After becoming a leader, there is a choice you have to make.

As you are in the middle, many think the choice is between siding with management and siding with your team. But the truth is, the two sides are not at war. And a huge part of your responsibilities as a leader is to not act as if they were.

The tension is instead between you and your team.

Every request from the people you lead will cut into your time, energy, and focus. You will not be able to do what you were doing before, what you were good at before. They will ask, demand, pretend, guess, second guess, and ask some more. They will push you to do things you are not used to. They will force you to have conversations you would normally avoid. They will expect that you raise above yourself, often without any guidance, and act as the leader you are paid to be.

And so the choice is between being who you are and being who your team wants and needs you to be.

Not many people are willing to let go – of their ideas, of their ways, of their habits, of their responsibilites, of their work, of their ego.

Not many people are good leaders.

Winners

We read of winners, and somehow we convince ourselves that if we will apply the same tactics we will be winners too.

Of course, those tactics have been used by a countless number of people, in a countless number of situations, and they did not work. We just do not hear about that.

Success is fascinating. Not only because it puts us under the spotlight, but also because it makes others blind to the sweat, stains, and tears that have put us there. There is no magic recipe. Just a story that we craft among immense difficulties and that often gives us back much less than we expected.

Enjoy the journey. It’s the only way.

A practice of research

What you create is not going to be consumed the way you thought it would.

There is no education. There is no explaining. There is no walkthrough. The only way you address this is by committing to a practice of research.

Ask.

Listen.

Aggregate.

Adjust.

Ask.

Listen.

Aggregate.

Adjust.

It might be that at some point what you create is no longer what you want to create.
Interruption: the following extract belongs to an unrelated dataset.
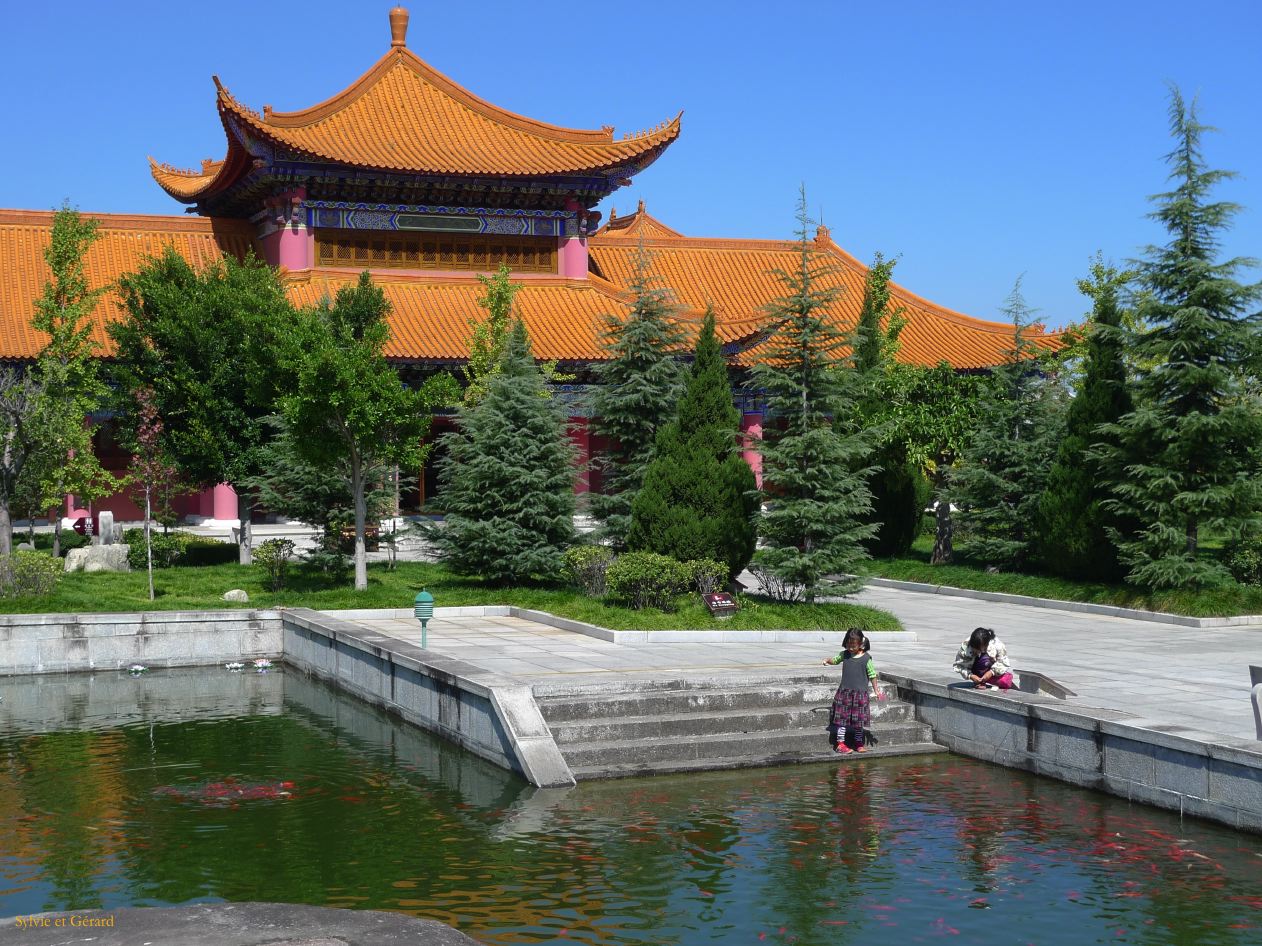 235 Dali les 3 Pagodes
It is not likely, but it is a possibility.

In that case, move a step away and start over.

Ask.

Listen.

Aggregate.

Adjust.

The dumber marketer

Is being dumb giving you an edge in marketing?

I am not talking about a lack of intelligence, but rather of a genuine, näive ignorance around topics you probably can never be very sure about.

Why is this campaign working?

What do you mean by that word you are using so frequently in your copy?

What is our ideal customer? Where do they hang out? What do they care about?

Why is this blog post performing way above average?

Do our visitors approach our resources in terms of “case studies”, “videos”, and “whitepaper”, or are they seeking information about what type of customer, what use cases, what pain points?

Are we expressing our product this way because it is comfortable for us or because it makes sense to our target customers?

I am not sold on the idea that being certain and confident is a good thing in marketing. What worked yesterday, what is working today, will probably not work tomorrow. What worked for that campaign, will probably not work this time. What worked in one company, will probably not work in the new one.

So, is the dumber marketer the one who is going to ask those questions?

Meeting checklist

I don’t know how many people I have heard at different levels of any given organization complaining about meetings. And I don’t know how it is possible that despite this we are spending between 20 and 50% of our working time in meetings.

A study by Mroz et al. features a very useful checklist to make the best out of meetings – thanks to Ethan Mollick for sharing it.

Start with considering if the meeting is necessary or not – information sharing and updates are not valid reasons to have a meeting -, as well as who should be present – being a fly on the wall is a huge waste of time. Then have an agenda (and stick to it), avoid complaining (as in nothing ever works or this issue cannot be fixed), and follow up with a request for feedback, from which you commit to take ideas to improve future meetings.

We all want to get better at meetings. Who is taking the first step?